Humans have extracted water from the ground for thousands of years; in America they’ve been doing so for hundreds of years. The practice accelerated after World War II and has been rampant since the 1970s, accompanied by the undesirable and unintended consequences it entails.
“This isn’t a new phenomenon,” Jasechko said. “It's been with us for decades.”
Water levels do fluctuate over years and decades, and unfortunately the researchers have only one data point for many of the wells in their sample. Other work by the team suggests that groundwater typically fluctuates by no more than a few meters over the course of a year. However, the water level for the many wells near losing rivers was more than two meters below the surface of the nearest stream, increasing the researchers’ confidence that leaky rivers are likely widespread.
“We can only observe well water levels where wells exist,” Jasechko acknowledged. “It’s an obvious but important point. Our analysis is inherently biased to places where wells have been drilled, and therefore also to places where groundwater is pumped.”

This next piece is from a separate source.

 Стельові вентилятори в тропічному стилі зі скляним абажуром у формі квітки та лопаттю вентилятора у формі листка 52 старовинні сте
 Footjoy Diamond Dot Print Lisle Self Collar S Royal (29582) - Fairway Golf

While the researchers don’t see any straightforward way around this in the short-term, they hope their results can inform resource management and monitoring, perhaps informing policies that fund more monitoring wells in under-surveyed areas.
“Big studies like this get people thinking about broader water policy,” Perrone said. “And for me, that is why continental scale analyses are important.”
“My hope is that this study gets more people thinking about the interconnection of groundwater and surface water where these two resources are connected, and it also gets groundwater policy on the map,” she continued. For so long this resource has been literally and metaphorically out of sight.
Perrone and Jasechko plan to expand this type of large-scale analysis to other parts of the globe and see how pumping and losing rivers impact groundwater-dependent ecosystems. Perrone also intends to connect their results back to her groundwater dashboard.
“Losing rivers aren’t some hypothetical scenario,” Jasechko stated. “They’re here and now.” They are in part the result of the past century of water use and misuse.
“If we have a better understanding of how widespread this phenomenon is, then we can influence future policy in positive ways,” added Perrone. Because society is past the point where it can talk about prevention; we’re now talking about response.